BEIJING -- The Beijing Olympics are already the most militarized global sporting event since Moscow in 1980 and perhaps Berlin 1936. Organizers up the ante every day.

The armoured personnel carrier that appeared Tuesday morning outside the Main Press Centre was removed. Reporters arrived Wednesday morning instead to find duos and trios of Chinese commandos clad in camouflage and clutching machine guns at Olympic Green security gates.

No explanation was announced.

People's Liberation Army soldiers in their drab olive uniforms stand motionless and expressionless at the fences. Most of the Games security force is dressed casually in khaki pants, white golf shirts and caps. Their PLA training is apparent whenever they march single file in unison.

MCGORDO

Premier Gordon Campbell made a few bold promises during a Wednesday morning speaking engagement at the world's biggest McDonald's on the Olympic Green.

Campbell's answer was blunt when asked if Vancouver would follow Beijing's example and remove or warehouse homeless Downtown Eastsiders during the 2010 Winter Olympics,

"That's simply not going to happen," Campbell said.

Meanwhile, Campbell reacted to the fakery of Beijing's opening ceremony with another pledge. "No lip-synching, I can tell you right now."

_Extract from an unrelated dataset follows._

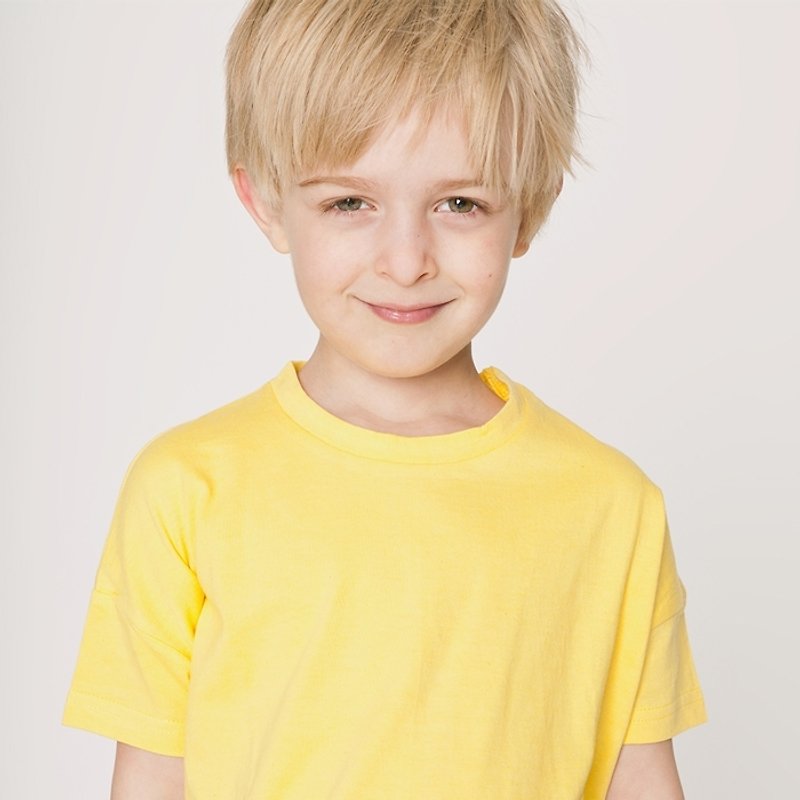 瑞典有機棉童裝Shampoodle黃彩休閒上衣 - 其他 - 棉．麻 黃色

A day earlier, he vowed that violent Olympics foes wouldn't be tolerated. He softened that message when asked about an Aug. 6 firebombing of a B.C. Sheriff Services vehicle on the DTES. He said he wasn't aware of the incident, which was publicized on an anti-Olympics e-mail newsletter.

"There are people who will try and take an Olympics and take it down. I think there's a far, far greater number of people who see the Olympics as something that raises us all up," Campbell said. "It brings a magnifying glass to the things that are problems, as well as to the things that are opportunities. In that way, it gives us the opportunity to see the things that we can do better."

Anonymous vandals have boasted on anarchist blogs about damaging premises of Vancouver 2010 sponsors Royal Bank, Bell, General Motors and McDonald's throughout the last year.

BUMS IN SEATS

VANOC CEO John Furlong has a plan to avoid the empty seat epidemic that besieged Torino and is now festering in Beijing. Games' organizers here claim events are sold out, but large blocks of seats bought by sponsors are going unused.

Furlong said Vancouver's plan would become apparent when 2010 tickets go on public sale Oct. 3.

"The goal is to put a person in every seat. I don't think anybody gets any pleasure of being in a stadium where people are dying to get in and they're not able to," Furlong said.

VANOC ticket provider Tickets.com has developed online and mobile ticketing systems that could be used in Vancouver.

BEIJING BOARDER

Canadian-raised snowboarder Korath Wright took a detour to his New Zealand training camp by visiting the Beijing Games.

Observing what makes an Olympics tick - including athlete transportation and accommodation - is part of Wright's strategy to not only qualify for Vancouver 2010, but to wind up on the podium representing his native Bahamas in halfpipe.